> **ACTION ITEM**
Without omitting anything, copy the data exactly.

Crawled caption data:
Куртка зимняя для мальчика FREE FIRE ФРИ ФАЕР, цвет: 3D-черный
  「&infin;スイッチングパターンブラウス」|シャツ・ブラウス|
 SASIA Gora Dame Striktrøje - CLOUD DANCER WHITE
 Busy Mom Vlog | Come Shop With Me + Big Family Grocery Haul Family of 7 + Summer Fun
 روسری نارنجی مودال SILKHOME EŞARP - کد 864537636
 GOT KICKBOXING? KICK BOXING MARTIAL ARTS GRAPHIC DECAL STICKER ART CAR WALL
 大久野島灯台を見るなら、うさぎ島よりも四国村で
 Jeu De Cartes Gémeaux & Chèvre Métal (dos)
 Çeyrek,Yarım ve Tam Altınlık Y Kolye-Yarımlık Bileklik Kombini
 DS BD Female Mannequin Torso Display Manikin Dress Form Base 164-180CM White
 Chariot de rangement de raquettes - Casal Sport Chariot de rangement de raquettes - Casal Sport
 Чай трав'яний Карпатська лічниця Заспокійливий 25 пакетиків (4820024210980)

> **TASK RESULT**
Куртка зимняя для мальчика FREE FIRE ФРИ ФАЕР, цвет: 3D-черный
  「&infin;スイッチングパターンブラウス」|シャツ・ブラウス|
 SASIA Gora Dame Striktrøje - CLOUD DANCER WHITE
 Busy Mom Vlog | Come Shop With Me + Big Family Grocery Haul Family of 7 + Summer Fun
 روسری نارنجی مودال SILKHOME EŞARP - کد 864537636
 GOT KICKBOXING? KICK BOXING MARTIAL ARTS GRAPHIC DECAL STICKER ART CAR WALL
 大久野島灯台を見るなら、うさぎ島よりも四国村で
 Jeu De Cartes Gémeaux & Chèvre Métal (dos)
 Çeyrek,Yarım ve Tam Altınlık Y Kolye-Yarımlık Bileklik Kombini
 DS BD Female Mannequin Torso Display Manikin Dress Form Base 164-180CM White
 Chariot de rangement de raquettes - Casal Sport Chariot de rangement de raquettes - Casal Sport
 Чай трав'яний Карпатська лічниця Заспокійливий 25 пакетиків (4820024210980)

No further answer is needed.